In February the Detroit Free Press Published an article describing the results of a recently published survey of residential housing in Detroit. The survey was completed by researchers who drove all the streets and completed windshield surveys on the condition of single family residential housing. Quoting from the Detroit Free Press Article (http://www.freep.com/article/20100220/BUSINESS04/2200371/1318/Survey-finds-third-of-Detroit-lots-vacant) “A little more than 35% of the city's 343,849 residential parcels are either vacant lots or abandoned shells of buildings. … But the survey also found surprisingly upbeat results in Detroit's most vital districts. The survey found that more than 90% of the city's occupied residential units are in good or fair condition”
The article goes on to discuss the value of this parcel-by-parcel data “In a world where investment decisions and government aid are driven by hard data, the survey offers an unblinking, parcel-by-parcel look of Detroit's condition. Kurt Metzger, a demographer and director of the nonprofit agency Data Driven Detroit, which helped manage the survey, said the parcel data eventually could be merged with other databases -- foreclosures, health and educational statistics, crime patterns -- to allow the most precise imaging ever of a city and its challenges.”

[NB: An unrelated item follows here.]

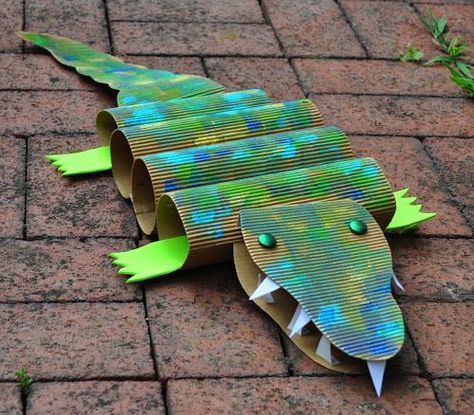 Art with Kids: Cardboard Crocodiles Tropisk Fest, Crocodile Craft, Shower Water, Vbs Crafts, Safari Party, Vacation Bible School, Crocodiles, Camping Art, Paper Crafts For Kids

These results are intriguing for Detroit and the parcel-by-parcel information is exactly what was called for in the Land Parcel Data for the Mortgage Crisis (add link to report) report from the May 2009 stakeholders meeting in Washington DC. But beyond the findings that parcel data are valuable to decision makers and an important part of the strategic planning for recovery, these results also raise an interesting question about why was a drive by inventory needed to get this information? The Detroit Free Press Article states “And, in the future, the agency hopes to add advanced mapping software and other tools to its Web site to make the survey results more accessible and useful.” Isn’t this exactly the type of service local government should be providing?
If local governments have automated parcel data linked to assessment rolls, why couldn’t the vacancy and housing conditions be assembled from the accurate and certified assessment data? Why couldn’t this information as well as commercial and industrial property as well as multiple family housing be pulled from assessment files and tied to parcel maps? Given the importance of these findings and the continued property value and mortgage issues facing local economies shouldn’t this data be available everywhere there is parcel mapping?
The other interesting aspect of the results of this survey was that the findings published on the web were generalized to the block level to prevent criminals from targeting vacant houses. But if Google and Microsoft, to name two, are providing street level views of these areas, and criminals can search the web and find this study and determine the block level data, couldn’t they also pull up the street view and look or maybe even just drive by themselves, after all the search radius has been reduced? It is certainly a concern that vacant housing attracts a criminal element but isn’t there an accountability and transparency issue in publishing the locations of the vacant structures? Isn’t this a way for citizens to hold their elected officials accountable? Doesn’t tracking changes in vacant structures (rehab or gentrification of vacant structures), improving vacant lots and tracking condemnation and demolition actions create a visible measureable for public policies?
The enthusiasm and interest expressed by public officials to the results of this survey seem to indicate that providing a web service or even a mobile service on vacancy, condition and tax use classification from an authoritative source that can also show trends and be combined with other parcel based authoritative data like tax delinquency and assessed value is something we all should be considering for our parcel data. It’s one more way GIS and parcel data can be part of the game and part of the discussion.